As I stuck the keys in the ignition of the truck, I thought about all the things I should have answered. Of course, all I’d done was sit there and gape.
“No backtalk from you this time, bud,” I commanded the Chevy, “or I’m selling you for scrap.”
And for a change, someone believed me.
15
THERE WAS ONE message on my answering machine when I arrived home.
“Benni, call me.” Sandra’s weepy voice sputtered like an old engine. “Wade came home real mad, then left again. He said he saw you at Trigger’s. What happened?”
I didn’t call her back. I didn’t know what to tell her. I had no idea where Wade fit into this whole mess, but I knew one thing—I’d just as soon eat a saddle blanket as talk to or about him again.
A saddle blanket would have probably tasted better than anything in my refrigerator.
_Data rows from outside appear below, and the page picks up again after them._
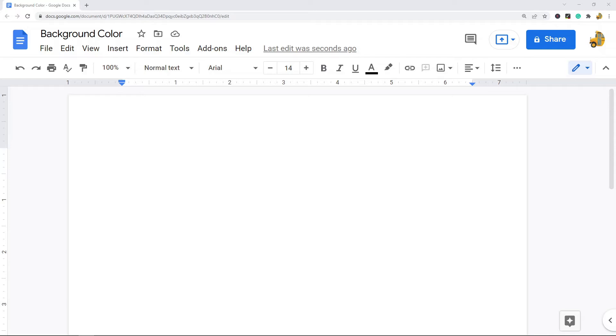This is actually a built-in setting that you have control over. By default Google Docs is going to have a white background for each page and this is probably what you're going to end up using most, but sometimes you may want to choose a custom color and this is very easy to do.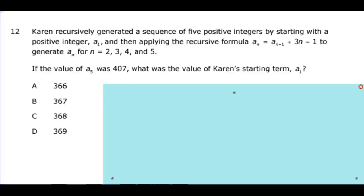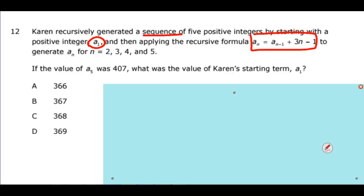Karen recursively generated a sequence of 5 positive integers starting with a positive integer a sub 1, applying a recursive formula to generate each subsequent term. The notation a sub 1 designates the first term in the sequence, then a sub n gives the second, third, fourth, and fifth terms. The question asks: if the value of a sub 5 was 407, what was the value of Karen's starting term a sub 1?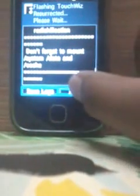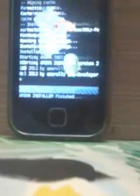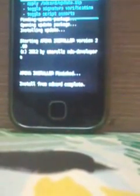Then click next and finish. I am going to show you the camera. Revert your system now.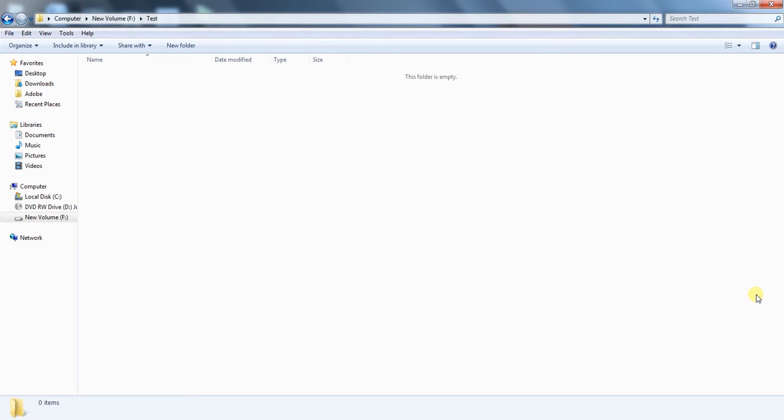How to make undeletable folders. It's very easy using cmd command window.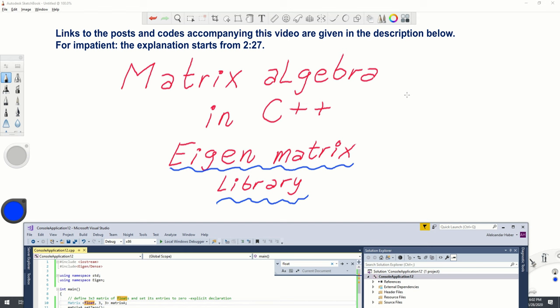Hello everyone! In this video I will explain how to easily perform matrix computations and linear algebra operations in C++ programming language.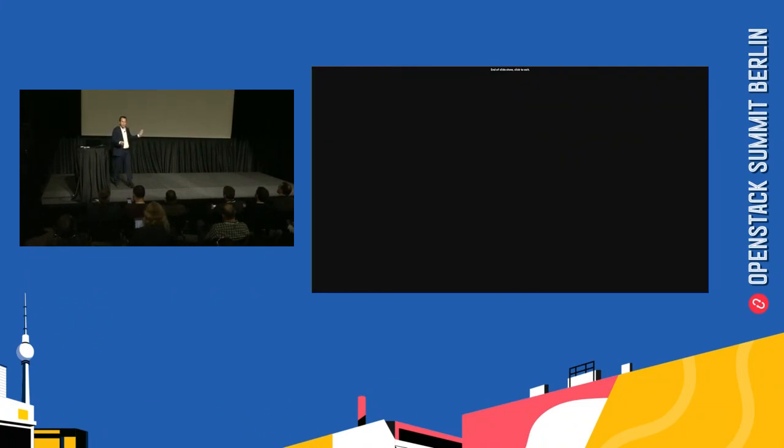That was my last slide. If you have any questions, now would be the time.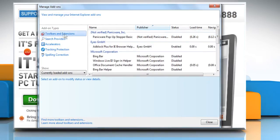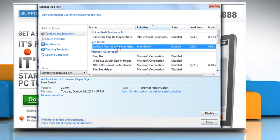On the manage add-ons window, select Adblock Plus add-on from the list and then click on disable.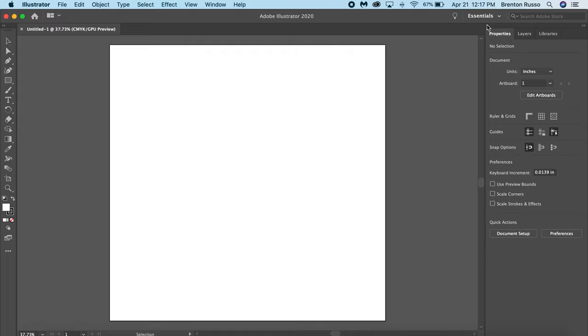If you happen to be in another one, I would recommend moving over because the function of everything is the same, but the locations of certain buttons are changed. So it would be super helpful to move over. Again, I'm on that Essentials tab.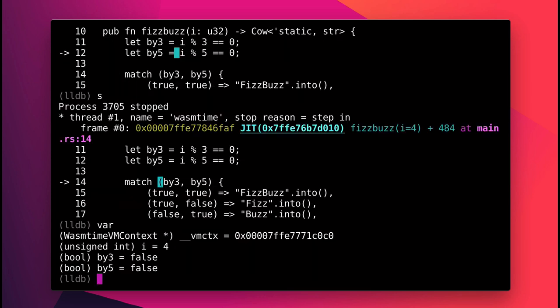I can step through and view the variables, so 4 is not divisible by 3 or by 5, so both of those are false.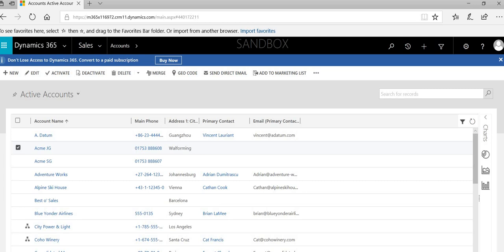Hello and welcome to this session on logging activities against accounts and contacts in the Dynamics database. We'll also show you how you can track email communications with your contacts, accounts, leads, or opportunities.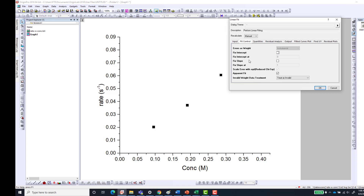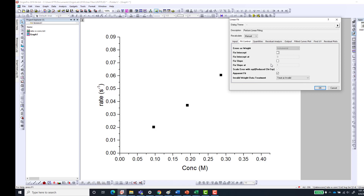You can also go to Fit Control if you want to make changes to how you fit your data — for example, fixing the intercept to zero so the line of best fit passes through the origin. In this case we're not doing that; we just want to fit our data points as they are. You can also fix the slope or other parameters, and I'll make videos covering those options later.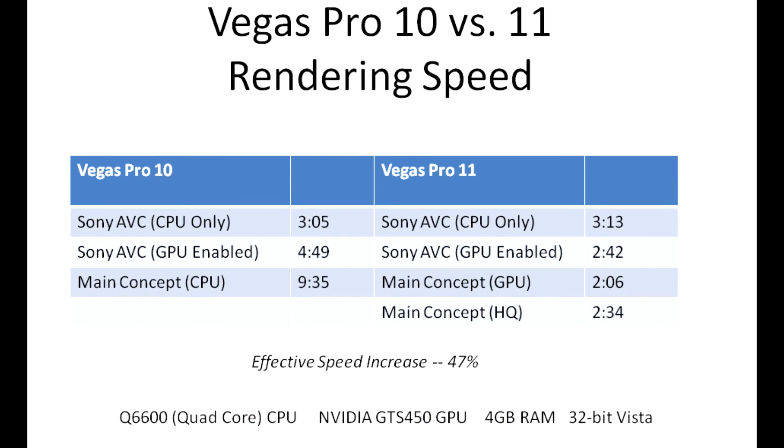You can see we're getting much better rendering performance across the board. My fastest rendering speed using Vegas Pro 10 was using the Sony codec CPU only at about three minutes, and the Main Concept codec now renders in about two minutes. That's about a 50% speed up.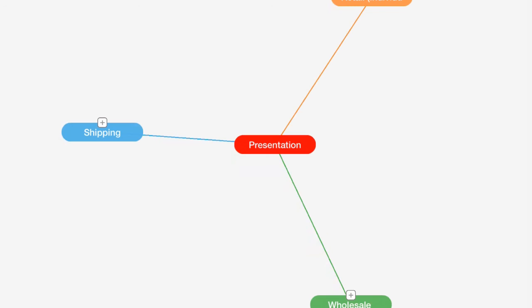Okay, so the next topic we want to talk about is wholesale packaging.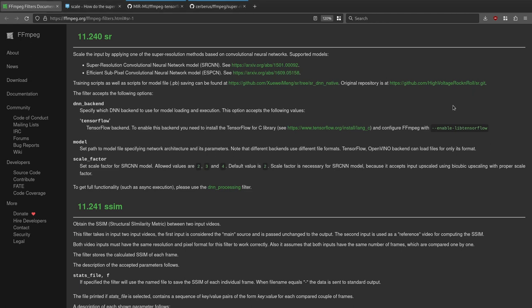In today's video I'm going to be taking a look at the FFmpeg SR filter, which can scale the input by applying one of the super resolution methods based on convolutional neural networks. So it's a sort of AI upscaler for FFmpeg.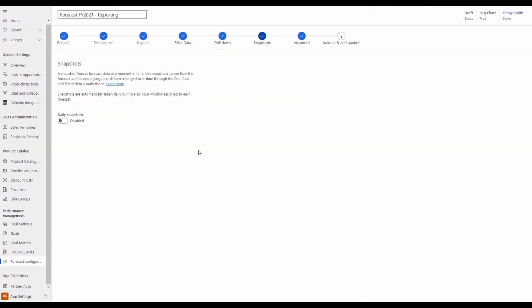Enhancements to Premium Forecasting brings a redesign of the snapshots experience, which eliminates the need to take snapshots manually. Now, automated daily snapshots are enabled from within the forecast configuration, along with a new experience for selecting and comparing snapshots using a calendar control.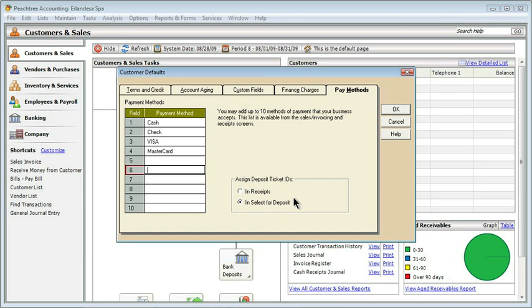The last thing is, when you're going ahead and receiving payments and making deposits, do you want to assign a deposit ticket ID in the Receipts window or in Select for Deposit? We'll get to this when we actually start getting to payments, but this is where the setting is. Let's say OK.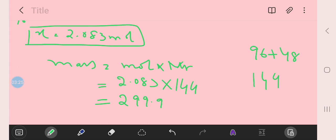As our answer should be to 3 significant figures, that is rounded off to 300 grams. So this is the final answer.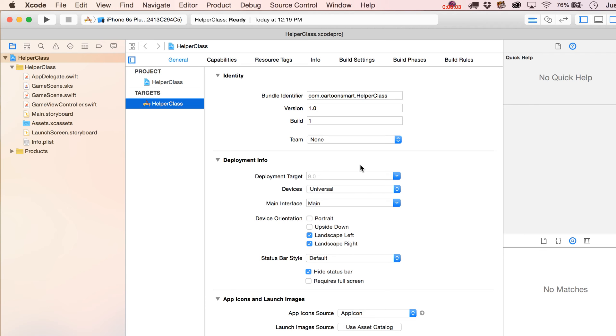Alright, so today we're going to look at classes, which could also be interpreted as singleton type classes. If you're not familiar with that term, don't worry too much about it. We'll get to it in just a little bit.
I would have killed right then for the beef dip I didn’t eat at Trigger’s. While changing into jeans and boots, I decided what I needed was a real homemade meal—steak, baked potato, corn on the cob, apple pie with vanilla ice cream. And a movie. A funny one. Williams Bros. Market out by the university had everything I needed, except the movie. The video store had slim pickings, so I grabbed
Police Academy,
remembering it being a silly, slapstick comedy that made police look like mindless idiots. For some reason, that sounded appealing.
I balanced the paper sack of groceries on one hip and had inserted the key in the front door with the other, when a whoosh and then a plink sounded above my head.
The porch light shattered.
Tiny shards of glass sprayed across my face. I dropped the paper sack and frantically brushed at my eyes. The scent of Italian dressing surrounded me. I glanced out at the street. A light-colored pickup was idling there. In the dark I could just make out the outline of the rifle. Like a stupid animal, I stood frozen, staring.
Another plink chipped the stucco above me.
I shoved the front door open, hit the floor.
Sounds like a .22, I thought, amazed at my calm as I crawled across the floor toward my bedroom. No match for a .45. If I could get to it. My bedroom seemed a hundred miles away.
A front windowpane cracked.
I scrambled for the bedroom, knees banging against the hard oak floor. Nightstand, my mind commanded. Get to the nightstand.
I fumbled for Jack’s pistol. Slip in the clip. Safety off. Pull the slide back. Aim. Jack’s words, Daddy’s words, coming back to me. I sat back against the nightstand, rested the heaviness of the gun on my bended knees and aimed at the open bedroom door.
Somewhere, tires squealed.
Mouth dry, breath coming in sharp gasps, I sat in the dark, frozen. Police. Call the police.
The 911 operator had already received a report. A patrol car was being dispatched. I told her I had a gun. She told me to stay on the line.
“They’re coming up the walk now, ma‘am,” the dispatcher’s steady voice said after minutes of inane conversation she had probably been taught kept a scared caller from hysteria. It hadn’t worked.